= Santy Runyon =

American musician and manufacturer (1907–2003)

Clinton "Santy" Runyon (July 4, 1907 - April 4, 2003) was an American saxophonist and flautist as well as a designer and manufacturer of mouthpieces for woodwind instruments.

Runyon's career included, among other things, playing at Al Capone's speakeasy club, The Coliseum, and giving lessons to many musicians, including the likes of Charlie Parker. Runyon went on to become a significant force in the mouthpiece manufacturing industry.

== Early career ==
Runyon began as a "trap" drummer in the pit of his father's movie house. He would play percussion and supply sound effects for the silent films. He also learned to play the marimba and the vibes and eventually found the instruments that would be the passion of his life: the woodwinds.

Runyon studied music at Oklahoma A&M and the University of Missouri before hitting the road as a traveling musician. He played saxophone with the Benny Maroff, Johnny Green and Henry Busse bands. As a member of the Busse group, at age 25, Runyon created the jazz shuffle beat showcased in Busse's hit recording "Hot Lips".

In 1933, Runyon began an 11-year stint as lead flute player with the Chicago Theater Orchestra. and on Saturday nights, he played The Coliseum, a speakeasy owned by the infamous gangland legend, "Scarface" Al Capone. At the Chicago Theater, he worked with Bob Hope, Bing Crosby, Edgar Bergen, Betty Grable and other show business notables. He even did a running comedy bit with Jack Benny. Between radio, clubs, and the theater, Runyon weathered the Great Depression pretty well, earning $150 a week while many men were taking home $8 or $9 a week.

== Teaching ==
Santy Runyon and Frank Anglund, lead trumpet with the Chicago Theater Orchestra, opened the Runyon Studio. It became an important institution in propagating recent advances in saxophone technique and served as something of a "finishing school" for professional musicians. Through its doors passed such jazz legends as Charlie "Bird" Parker, Paul Desmond, Harry Carney, Lee Konitz, and Sonny Stitt. Runyon had students in most of the big bands of the era, including those of Benny Goodman, Count Basie, Cab Calloway, and Duke Ellington. When Lawrence Welk began his long-running television show, five of his saxophone players were Runyon alumni.

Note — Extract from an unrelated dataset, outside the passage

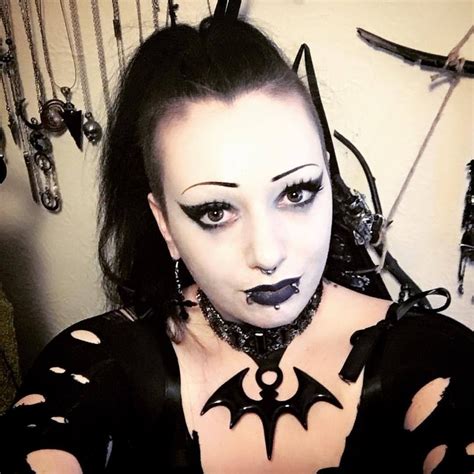 Pin By 210 317 0311 On Goth Models Makeup Gothic Models Face Makeup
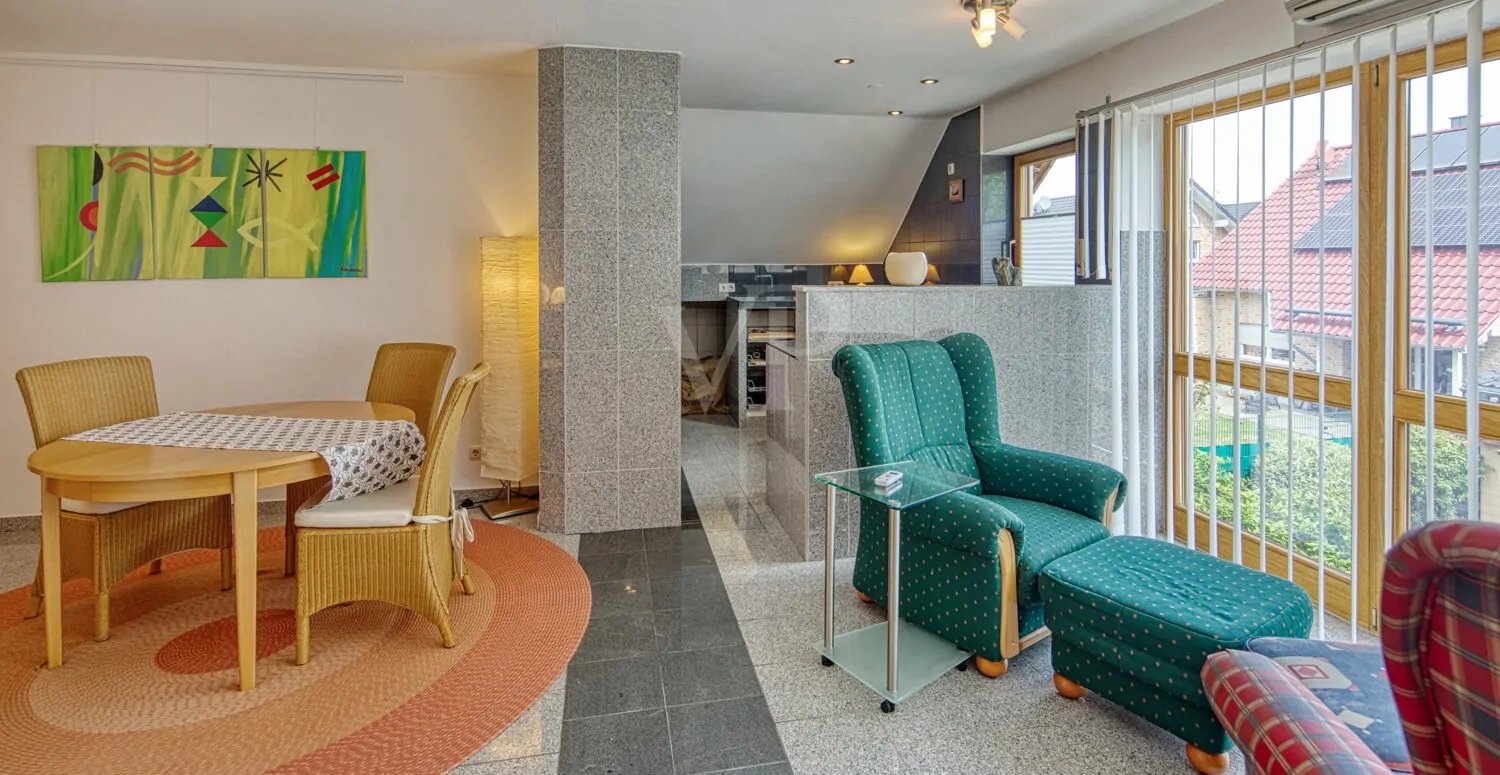 Wohnbereich DG (Einliegerwohnung) mit Blick zum Kochbereich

== Mouthpiece and instrument designer and builder ==
In 1941 Runyon sold his first mouthpiece, a variation of a 1918 curved device he had fabricated with chewing gum. He made a metal saxophone mouthpiece for an Army band member, which resulted in an order for thousands of mouthpieces. A manufacturer refused the order and he began manufacturing mouthpieces in Chicago. Runyon's metal mouthpiece was sought for its exceptional dynamic range and projection, suitable for playing in big show bands. In the 1940s he was a consultant for the C G Conn company as they sought to build a more modern alto saxophone, released as the 28M "Connstellation" in 1948. Concurrently, he developed and produced the Conn Comet plastic mouthpiece to go with the 28M, and later produced the design under his own name as the Model 88. He was an early collaborator with Arnold Brilhart, a pioneer in manufacture of molded plastic mouthpieces. Not content with the acrylic and ABS plastics and hard rubber stock commonly in use for non-metallic pieces, he optimized an acrylic/synthetic rubber blend for resilience, shape stability, and durability. After 1966 Runyon produced the Brilhart line of mouthpieces under contract to the H&A Selmer Company, who had acquired rights to the brand. He also continued to develop and produce mouthpieces for saxophone players who wanted something suitable for playing alongside loud, amplified instruments. From this period came the Runyon Custom model mouthpiece, available with a removable "spoiler," or baffle, that altered tonal and dynamic characteristics, the Quantum, and the Bionix, engineered for ease of playing in the altissimo register. During this period he pioneered the use of Delrin which, due to its high rigidity and machinability, is suitable for dimensional copies of metal mouthpieces (XL and Quantum). Runyon moved to Beaumont, Texas in 1960 and to Lafayette, Louisiana in 1970, opening a manufacturing facility on Lewisburg Road in Opelousas. Starting in 1999, Jody Espina collaborated with Runyon and his production staff to develop the mouthpiece designs and prototypes that would launch the Jody Jazz line of high-end mouthpieces. After Santy's death in 2003, the Runyon Products Company continued to operate as a family-owned business until it shut down in the late 2010s (around 2019).